It reminds me of a good quote from my math teacher Jacques Malet in 1997:

Some infinities are more muscular than others.

# For n = 2

When I first tried to draw squares on a paper for n=2, I found 10 solutions. Proud of my result I decide to ask my computer to confirm it, a simple routine operation, I thought. Here are the result…

As you can see we find 12 arrangements. Let’s be honest, it’s easy to miss one or two arrangements without the help of a computer (especially for the number 11 and 12) ! According to the rules we defined these twelve arrangements are different and we can mentally verify the impossibility to go from one to another without forcing a vertex to pass through an edge.

Here a question comes to mind: If we forced the transition from an arrangement to another by passing one vertex through an edge at a time, what would be the different paths possible between our twelve arrangements?

By performing this exercise mentally for each pair of arrangements, we can draw the graph below (where each node represents an arrangement with his number):

It is a connex graph with 3 leaves and many cycles. It is interesting to note the symmetry with respect to the vertical axis materialized by the arrangements [(7), (12), (4), (5)].

All couple of symmetric arrangements have in common the number of vertices captured (while the nature of the intersections between edges is different):

For (1) and (10): 0 vertex captured.

For (2) and (9) : 1 vertex captured by a square, 0 by the other.

For (6) and (11): 1 vertex captured by a square, 1 by the other.

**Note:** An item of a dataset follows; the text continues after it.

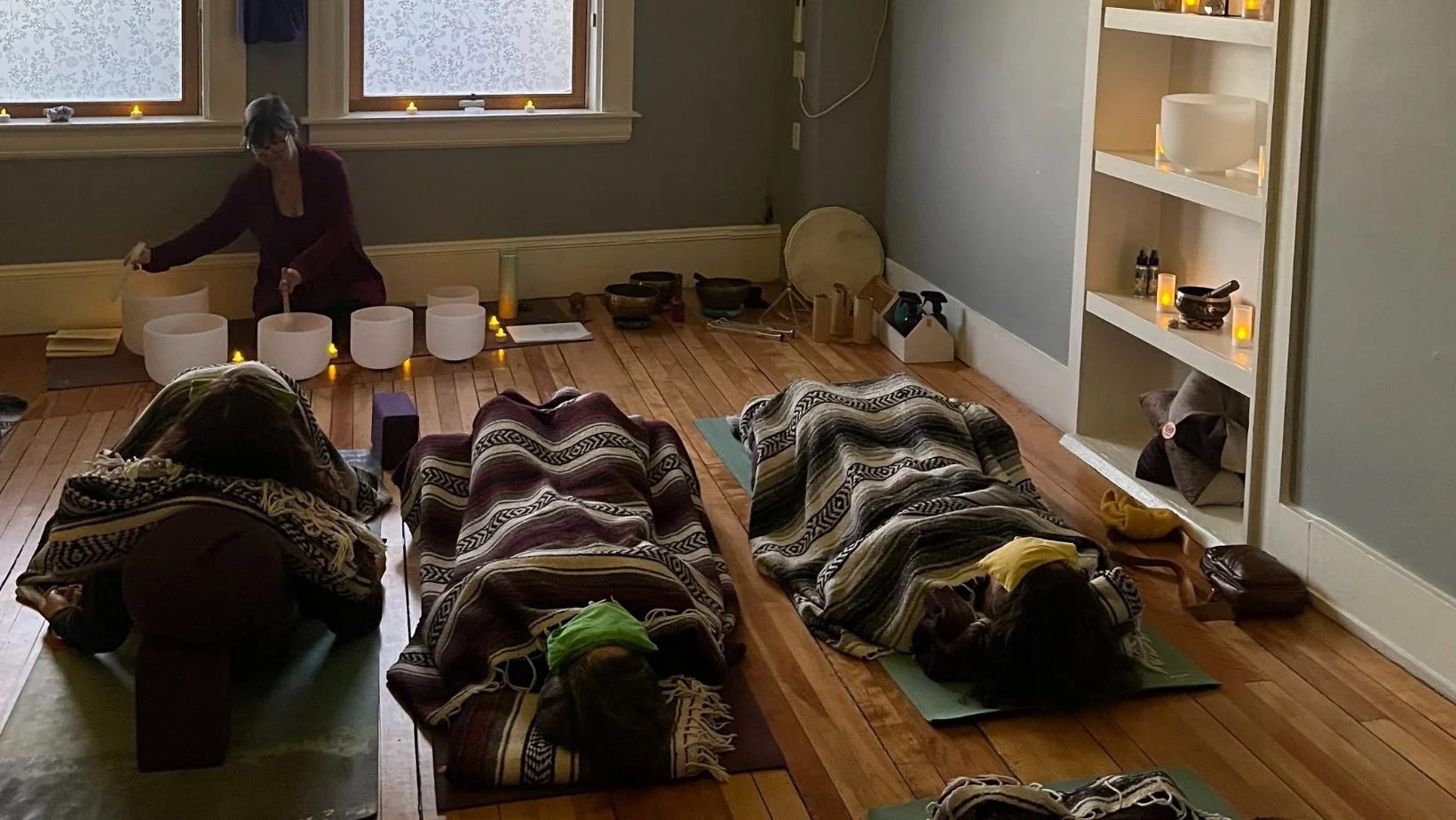 Spring Equinox Sound Bath & Meditation with Sri Devi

For (3) and (8) : 2 vertex captured by a square, 0 by the other.

The leaves are the arrangements (1), (5) and (10) with these particularities:

(1): no vertices captured and no edge intersection

(5): no edge intersection and maximum vertices captured (4)

(10): maximum edge intersection (8) and minimum vertices captured (0) Figure 4. Distribution of the number of arrangements found based on the number of intersections (ni) and the number of vertices captured (nc).

We can show that nc cannot be an odd number and that ni and nc are linked by the relationship: nc ≤ 4 − ni / 2

# For n = 3

Card(E3) > 4618

This result could be refined as I have not yet been able to make my algorithm converge because of the limited capacity of my personal computer… But I believe I’m not far from the exact value.

Some of the arrangements I found can be seen here: http://felixdebon.com/overlappingsquares Figure 5. This tool displays the arrangement for n = 2 and n = 3. We can move the squares (translation, rotation and rescale) and thus build new arrangements. The corresponding matrices V and F are also calculated and displayed for each arrangement.

Initially I developed this tool just to help me in the resolution of this problem and ultimately I thought it would be interesting to share it. This tool was also extremely useful to test the validity of my code.

# Calculation method

“If you want to count sheep count the legs and divide by 4.” — Jacques Malet

Unfortunately we do not count arrangements like we count sheep. Understanding of how geometric objects can be represented algebraically is crucial in the resolution of this problem. In order to count my arrangements I tried to establish an bijection between the geometric objects and their algebraic representations. Anytime I’ll generate an arrangements (with a brute force algorithm) I’ll calculate its algebraic representations and check if it’s a new one or not.

Basically my algebraic representation (for n=2) is made of 2 matrices:

• V(i, j) = number of vertices from the square i included in the square j

V(i, i)=0 ∀ i because a square cannot contain its own vertices.

• F(i, j)= number of intersections found on the edge j of the square i

On a given square we count the number of intersection found on every edge by turning clockwise around the square (the first edge can be chosen randomly).

I give 2 examples below:

Note that the operations listed below will not define a new arrangement:

• Columns permutations: As the square are chosen in a random order, as long as we permute the same column in V and F, we will not define a new arrangement.
• Circular permutations on a column of F: because the first edge is chosen randomly before we start to go through each edge clockwise.
• Mirror image: as defined in the construction rules an arrangement is invariant by mirror image. We can define the mirror image transformation by: F(i, j) → F( 4-1-i, j)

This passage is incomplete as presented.